§ Goal of the exercise:
Transcribe exactly the lines that fall between the one holding "Read Jujutsu Kaisen Chapter 225 Page 15" and the one holding "Bahia vence a", inclusive, from the entries below.
---------- Data for analysis
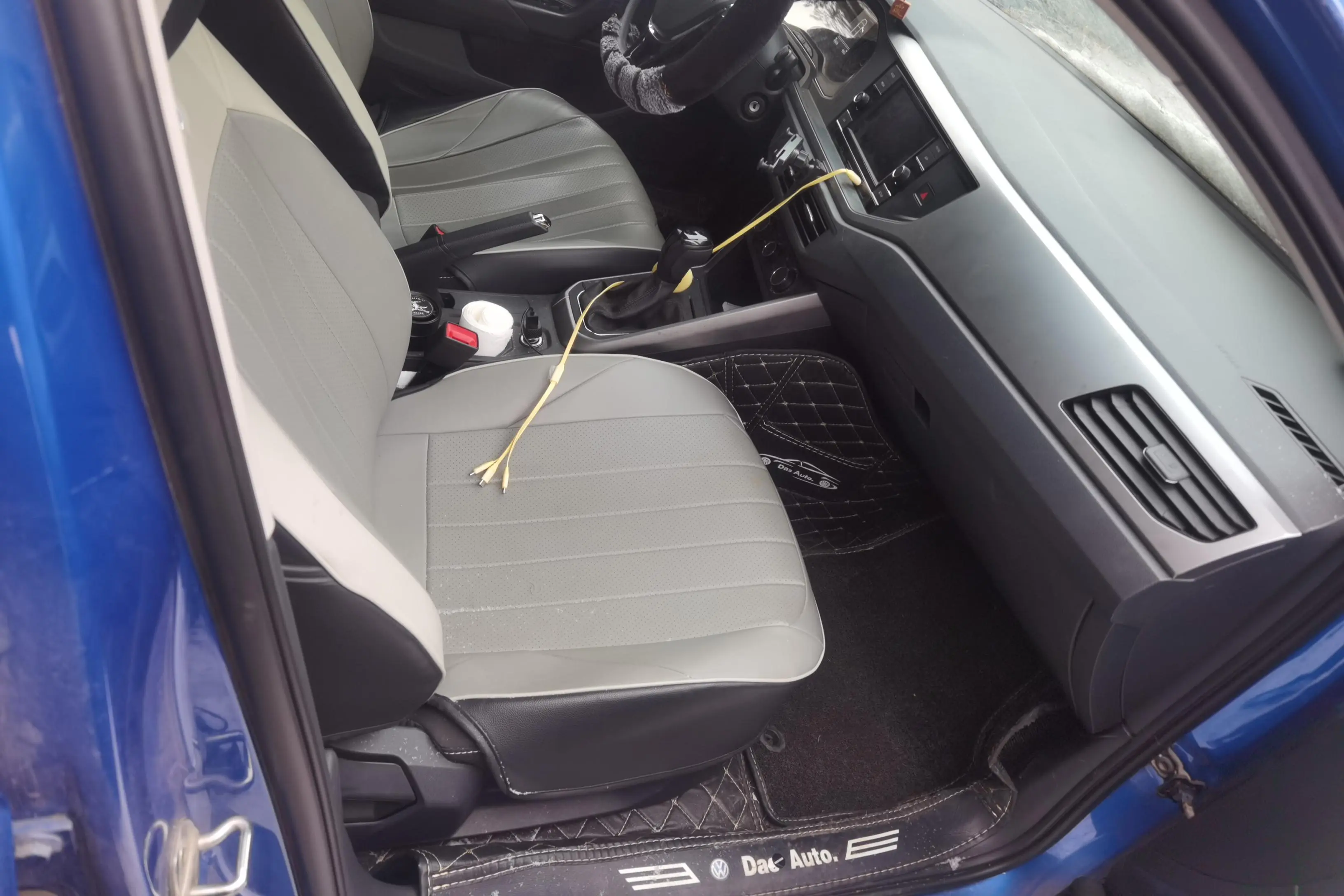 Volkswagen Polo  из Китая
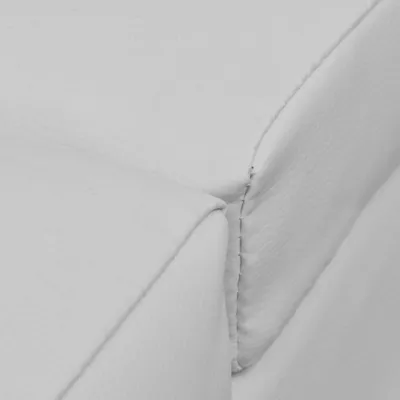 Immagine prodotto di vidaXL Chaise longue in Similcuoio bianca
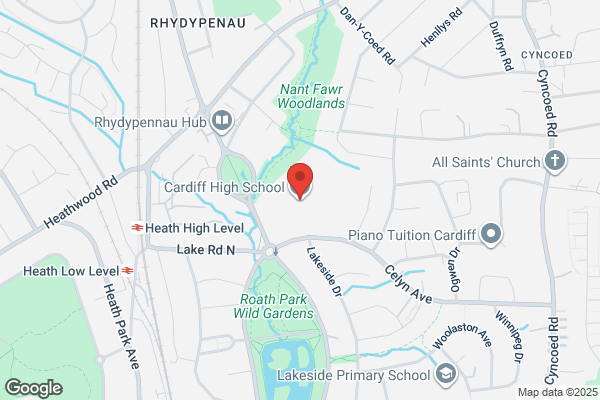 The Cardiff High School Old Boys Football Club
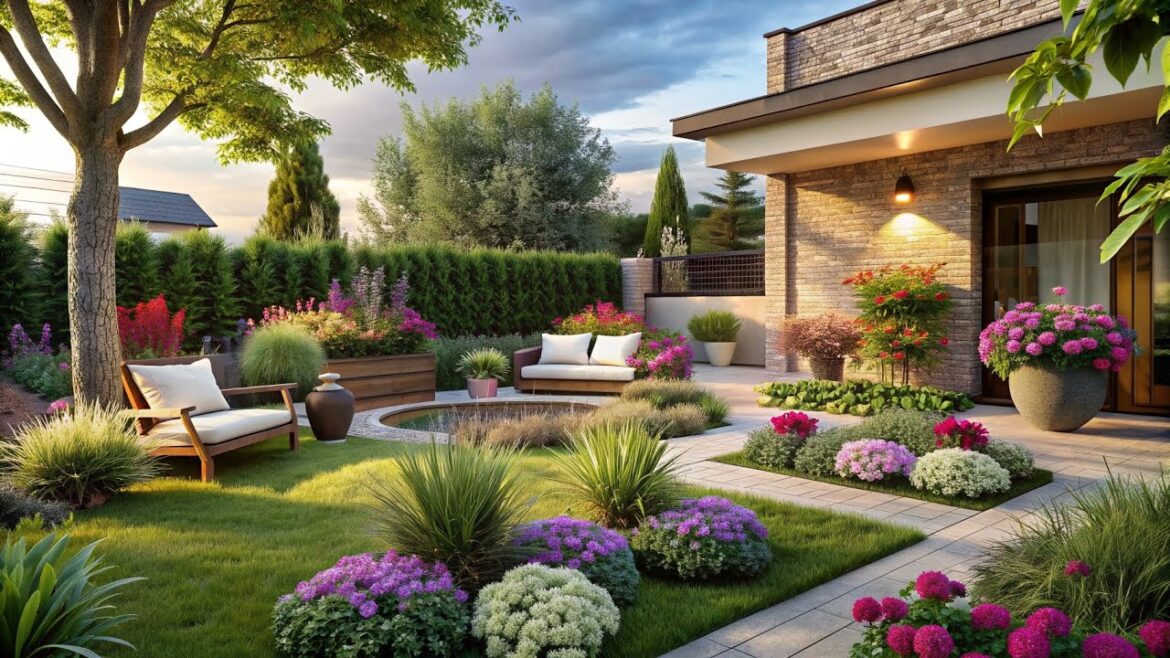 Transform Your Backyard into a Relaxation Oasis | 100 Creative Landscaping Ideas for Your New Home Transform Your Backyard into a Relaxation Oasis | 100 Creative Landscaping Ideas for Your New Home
--------------------
---------- Data for analysis
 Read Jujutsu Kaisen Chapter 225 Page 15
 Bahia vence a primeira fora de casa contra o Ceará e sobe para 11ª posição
--------------------
§ Answer space:
 Read Jujutsu Kaisen Chapter 225 Page 15
 Bahia vence a primeira fora de casa contra o Ceará e sobe para 11ª posição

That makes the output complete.